Kurt Gödel proved this was not possible by proving his "Incompleteness theorem". It turns out that in any axiomatic system (whether or not these axioms were to do with physical laws) we must select either consistency, or completeness, but not both.

Basically the "Incompleteness theorem" says that any 'computable axiomatic system' will have the following properties (such as one containing physical laws):

  1. If the system is complete it cannot be consistent.
  2. The consistency of the axioms cannot be proven within the system

As a corollary of 1, any axiomatic system that is consistent cannot be complete (the system you describe would hopefully be consistent). So if you want your physical laws to be internally consistent you have to accept that there will be true (observable) physical laws that cannot be proven.

With respect to infinite systems, there are two types, countable and uncountable. The Incompleteness theorem has also been proven true for countable infinite sets. In the case of infinite axiomatic systems dealing with physical laws, they would be countable since each axiomatic law could map into the set of natural numbers. Even here Gödel's conclusions hold; either this system would be consistent but incomplete, or complete but inconsistent.

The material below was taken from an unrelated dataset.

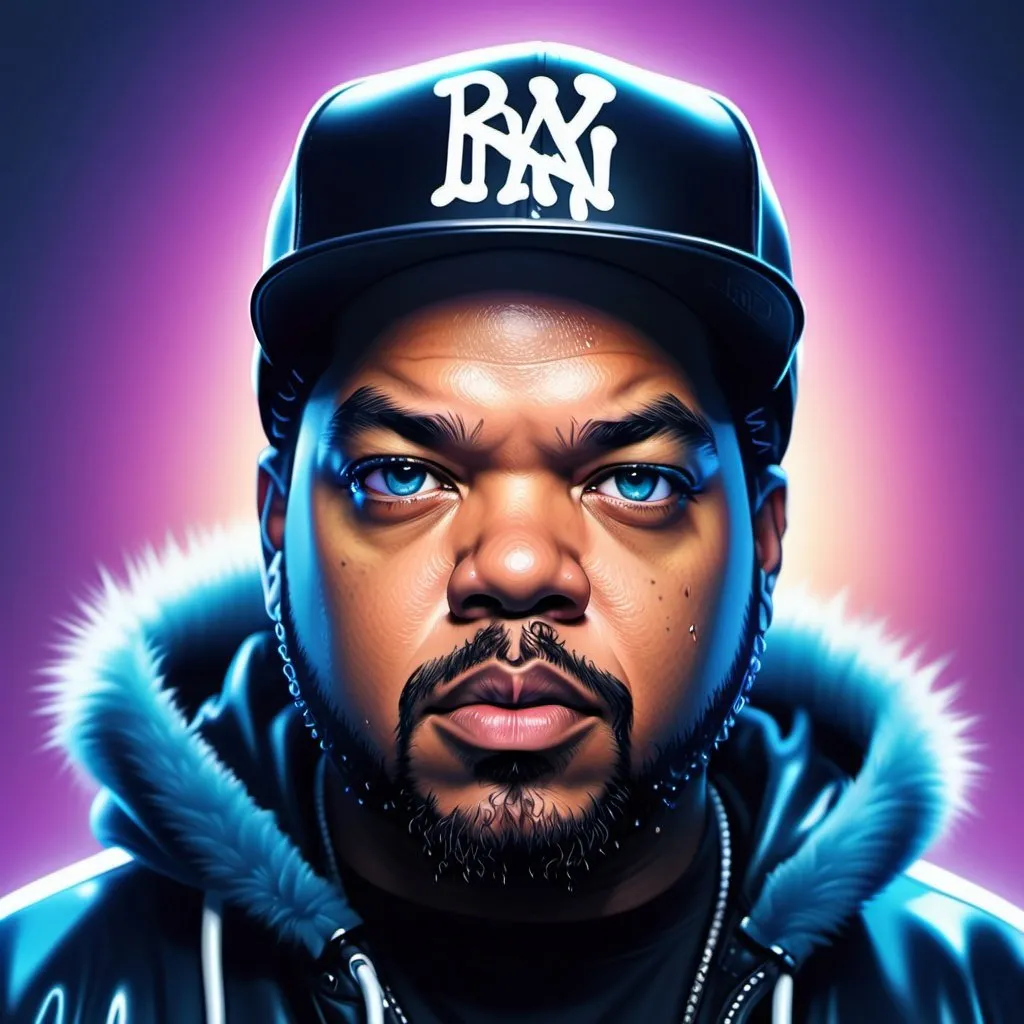 Prompt: rap artist Ice Cube. Digital illustration, detailed fur with reflections, podcast studio setting, futuristic neon lights, high quality, digital art, cool tones, detailed eyes, stylish design, atmospheric lighting.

Apparently, we cannot get around the fact there are unprovable truths. Gödel provided a simple example.

Let S be the statement "This statement is unprovable."

If S is true, we cannot prove it since it is unprovable. However, if we can prove S true, the statement is self contradicting, so inconsistent.

Notice from the answer above J. Bell eloquent quote, "Quantum Mechanics, together with a finite cut-off QED, explains all of chemistry and NEARLY EVERYTHING in Physics." Unfortunately for Bell, Gödel has shown that as long as Quantum Mechanics seeks to be internally consistent, it will only ever be "NEARLY EVERYTHING" and not actually "EVERYTHING". If Quantum mechanics does actually achieve the ability to explain everything, Gödel shows us we have good cause to look for its self-contradictions (inconsistencies)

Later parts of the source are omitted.